Police complaint laid after dead native birds used in 1080 protest

5:33 pm on 13 September 2018

Native birds left on Parliament steps as part of a 1080 protest yesterday appeared to have been bludgeoned to death, according to Speaker Trevor Mallard, who has laid a police complaint

Men in HAZMAT outfits pick up 1080 look-alike pallets

A man in HAZMAT outfit picks up 1080 look-alike pallets during the protest.
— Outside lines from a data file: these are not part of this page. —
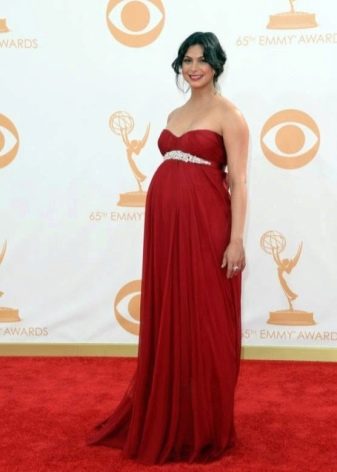 Red empire maternity dress on the floor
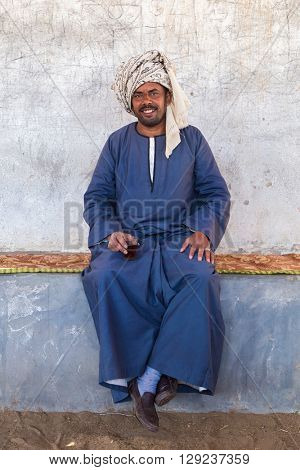 DARAW, EGYPT - FEBRUARY 6, 2016: Local camel salesman holding glass.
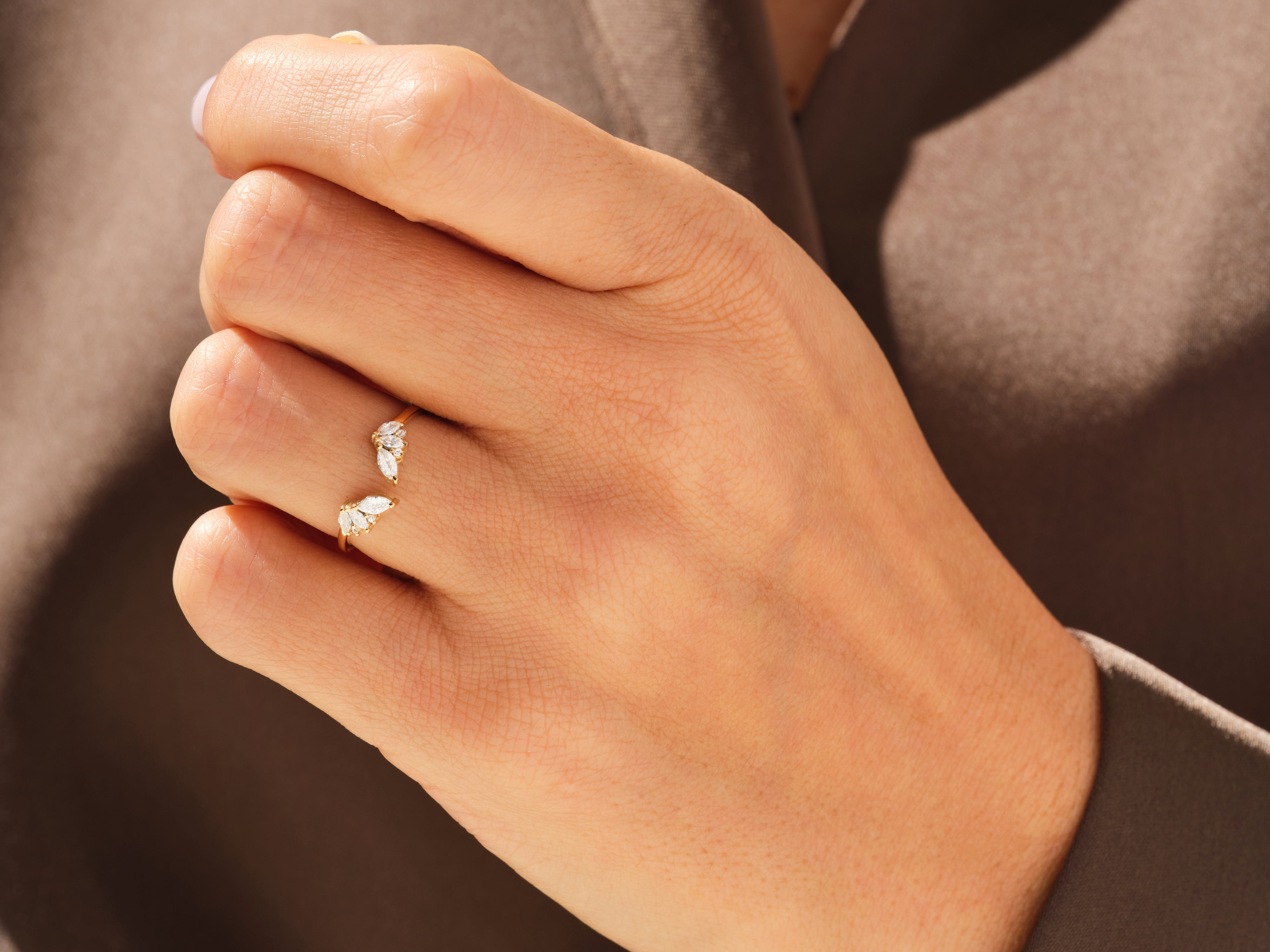 Gold ring with marquise diamonds on hand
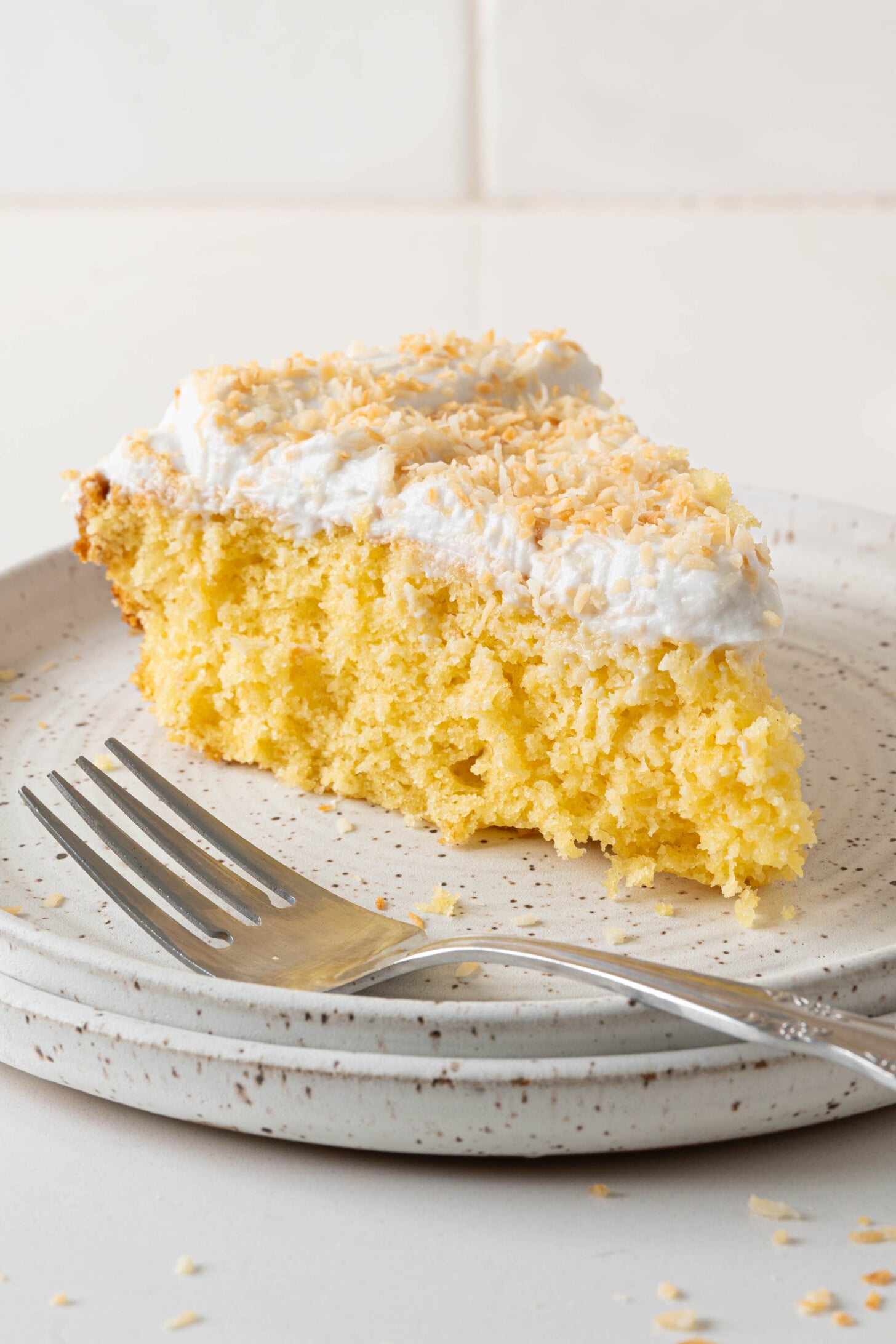 A pina colada cake on a plate.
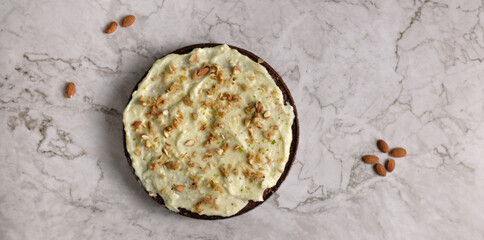 Delicious carrot cake with walnuts and almonds with icing cream on a light background. Baking concept. Selective focus. Homemade baking.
Photo: RNZ/ Gia Garrick

Mr Mallard has laid a complaint with police and the Department of Conservation after five native birds, including two kereru, were left on Parliament steps as part of the protest.

Protestors scattered fake 1080 pallets all over Parliament's steps yesterday and placed the dead birds on the precinct, as part of their ongoing campaign to ban the poison.

Mr Mallard said this afternoon he had viewed video footage of what happened during the protest, but wouldn't be making it public as it would likely be part of court proceedings.

"It has been confirmed to me that kererū and weka, amongst other protected native species, were among the dead birds deposited on the steps of Parliament during the course of a protest action.

"The kereru appears to have been killed by bludgeoning", he said.

It is illegal to kill or be in possession of native birds and initial testing of the birds pointed to the kereru being victims of blunt force trauma.

The offence carries a penalty of imprisonment of up to two years or a fine not exceeding $100,000, or both.

Mr Mallard said he was generally supportive of protest action.

"But I cannot condone illegal activity committed as part of a protest action on the grounds of Parliament and therefore a complaint has been laid.

"I also personally find it regrettable that children were encouraged to be involved in this illegal activity", Mr Mallard told reporters."

This particular display was "offensive" and "regrettable", he said.